Anora suit Ani, une travailleuse du sexe incarnée par Mikey Madison ; sorte de Pretty Woman (1990) des temps modernes. Sauf qu’à la différence de la comédie des années 1980 portée par Richard Gere et Julia Roberts, le couple qu’Anora va former avec un jeune héritier russe, Vanya, rencontré dans une boite de strip-tease, va vite battre de l’aile quand la famille de ce dernier les oblige à divorcer après un mariage prononcé à Las Vegas. Le rêve d’Anora, pour qui on se prend d’adoration à la moindre punchline, va vite s’effondrer lorsque les sbires russes de Vanya vont tout faire pour les amener devant le tribunal afin d’annuler leur union.
Un génie d’écriture
Avec Anora, Sean Baker montre qu’il est désormais un réalisateur qui compte dans le cinéma, et plus seulement dans le cinéma indépendant américain qui l’a vu naître avec The Florida Project (2017). Il prouve que c’est un véritable auteur capable de saisir toutes les nuances de ses personnages et d’en définir les contours, pour finalement mieux les déconstruire par la suite. Ainsi, le gamin que l’on espérait profondément sincère s’avère d’un égoïsme enfantin affligeant, Anora, strip-teaseuse à la langue bien pendue va finalement dévoiler une fragilité percutante, tandis que la bande de mafieux russes offrira de nombreux rires plutôt que de convoquer une certaine frayeur chez le spectateur.
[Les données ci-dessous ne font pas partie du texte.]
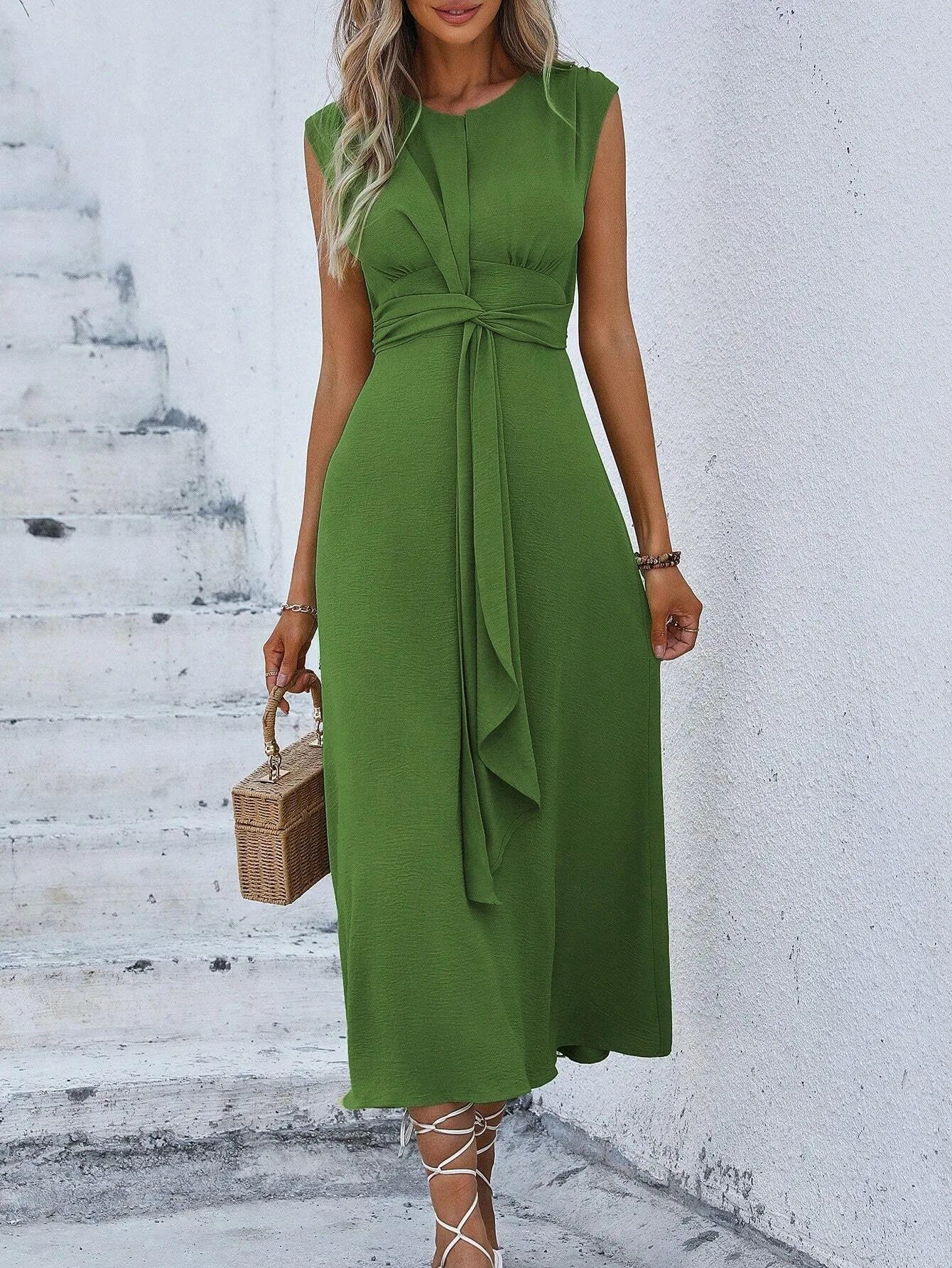 Elegant Sleeveless Waist Tie Midi Dress for Women – Romantic Vacation A-Line Summer Dress | Casual Chic Date Night Outfit | Modern Blend Boutique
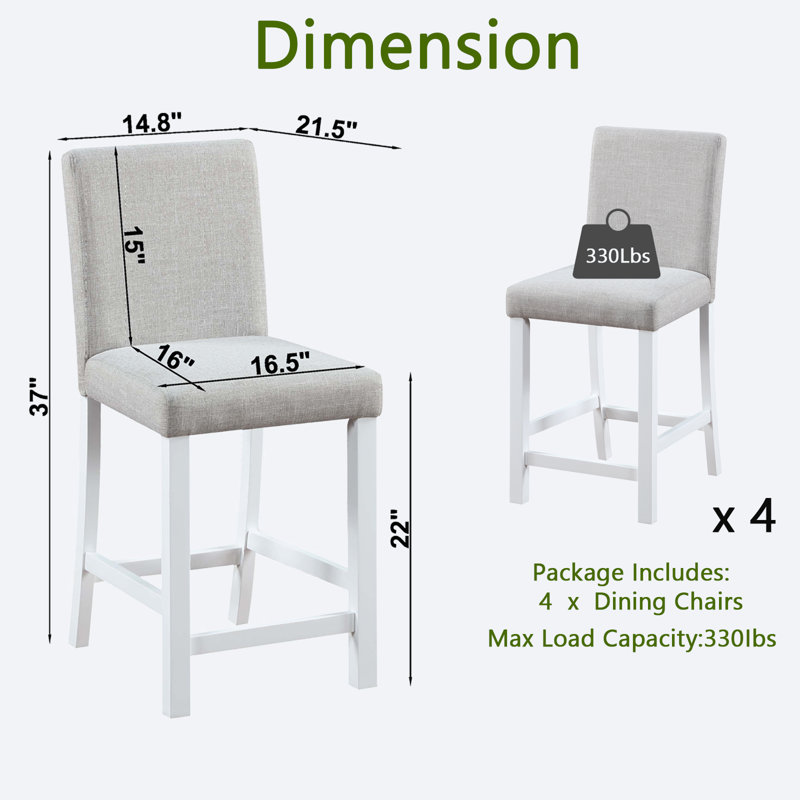Ensemble de chaises à hauteur de comptoir pour 4 personnes, chaise de cuisine avec siège rembourré, tabouret de bar à hauteur de comptoir pour salle à manger, gris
Chez Anora non plus, cela ne fonctionne pas. Il faut dire que l’héroïne est particulièrement puissante, d’abord en utilisant son corps, mais aussi toute la rage qu’elle a en elle pour combattre ses ennemis. Sean Baker sait écrire ses personnages principaux, et notamment ses personnages féminins. Il sait les mettre en lumière, souvent face à des hommes ridicules et déjantés, pour mieux prôner leur féminité et leur liberté. Ainsi, si dans Red Rocket Strawberry subissait la folie de Simon Rex, Anora, quant à elle, doit dealer avec une bande de bras cassés russes.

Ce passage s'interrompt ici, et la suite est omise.